Recorded data:
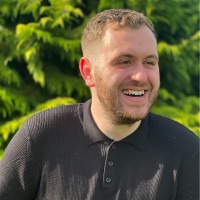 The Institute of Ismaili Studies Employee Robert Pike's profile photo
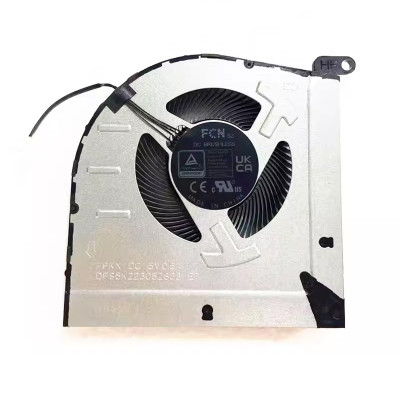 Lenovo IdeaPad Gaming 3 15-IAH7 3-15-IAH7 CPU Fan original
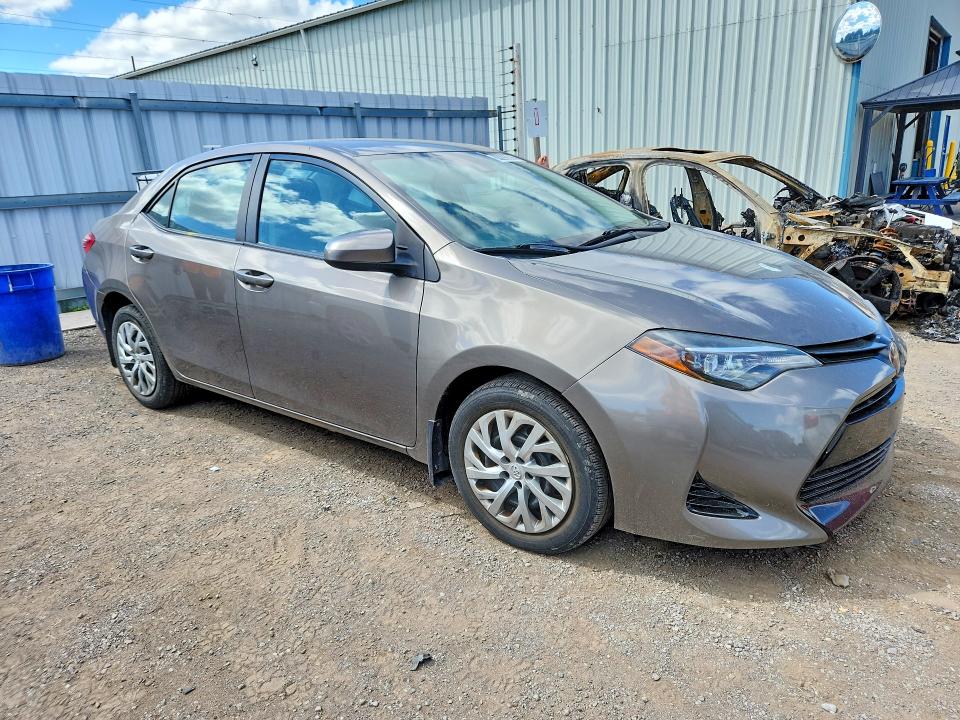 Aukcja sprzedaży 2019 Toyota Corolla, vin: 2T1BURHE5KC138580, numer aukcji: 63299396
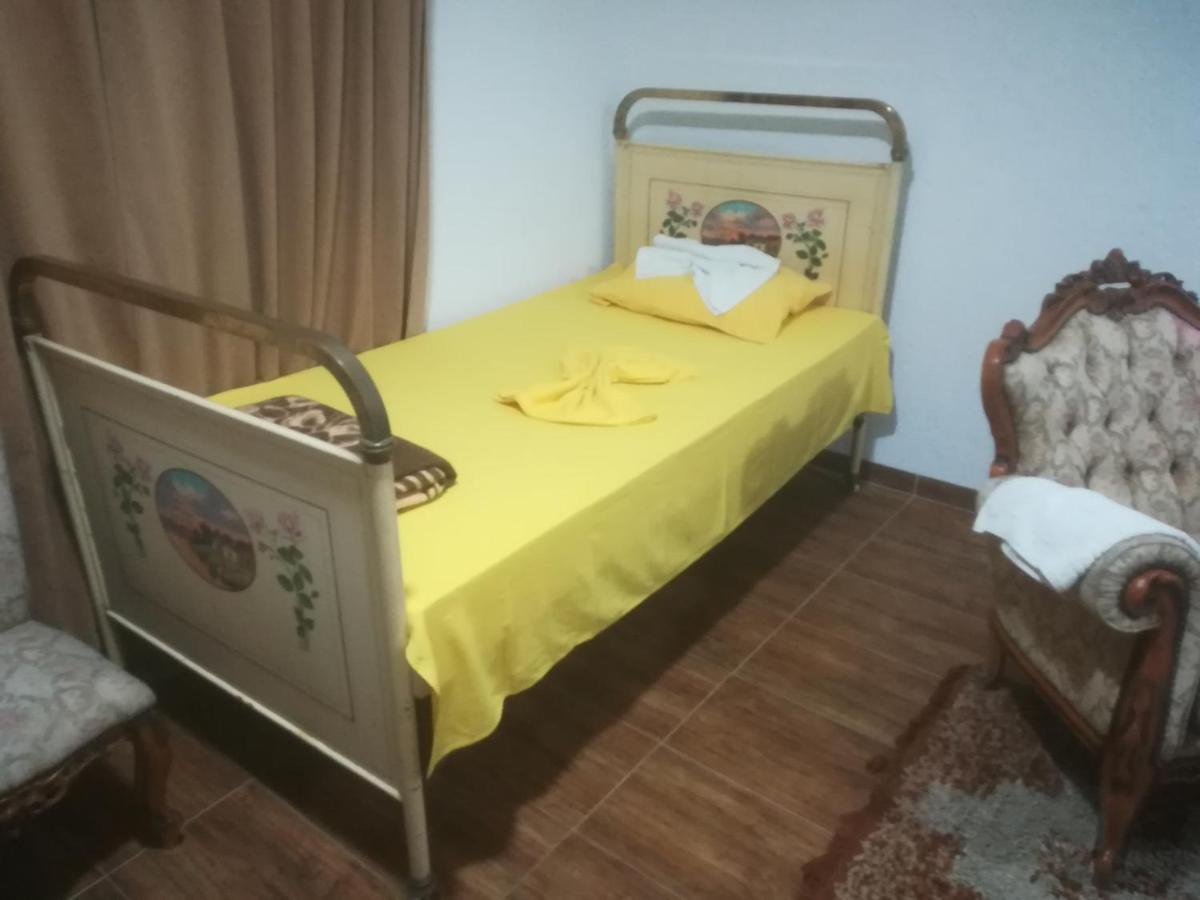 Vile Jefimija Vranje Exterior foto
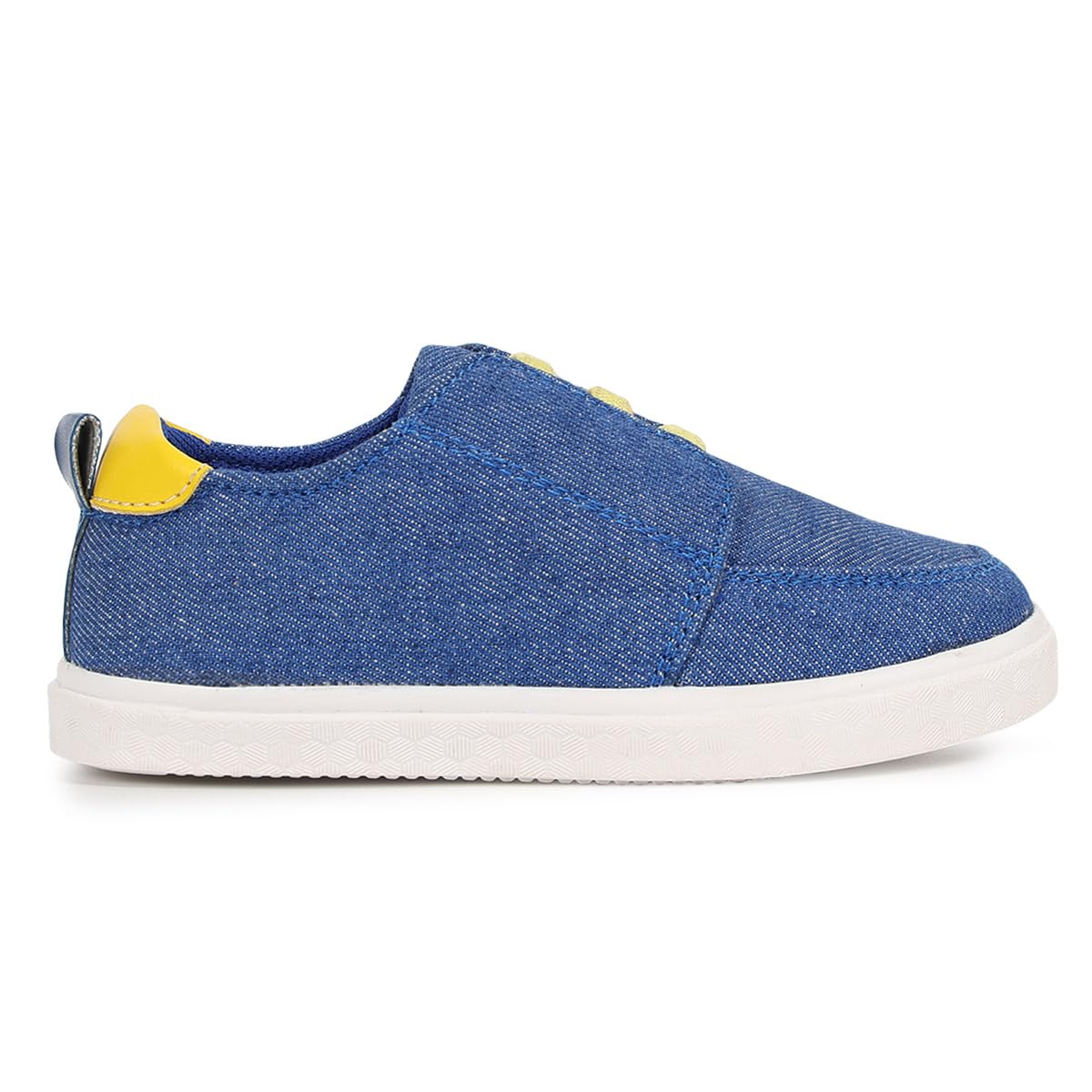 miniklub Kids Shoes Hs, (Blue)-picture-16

_Work request_
Although the records contain pictures, restate them word for word with those pictures left out.

_Task output_
 The Institute of Ismaili Studies Employee Robert Pike's profile photo
 Lenovo IdeaPad Gaming 3 15-IAH7 3-15-IAH7 CPU Fan original
 Aukcja sprzedaży 2019 Toyota Corolla, vin: 2T1BURHE5KC138580, numer aukcji: 63299396
 Vile Jefimija Vranje Exterior foto
 miniklub Kids Shoes Hs, (Blue)-picture-16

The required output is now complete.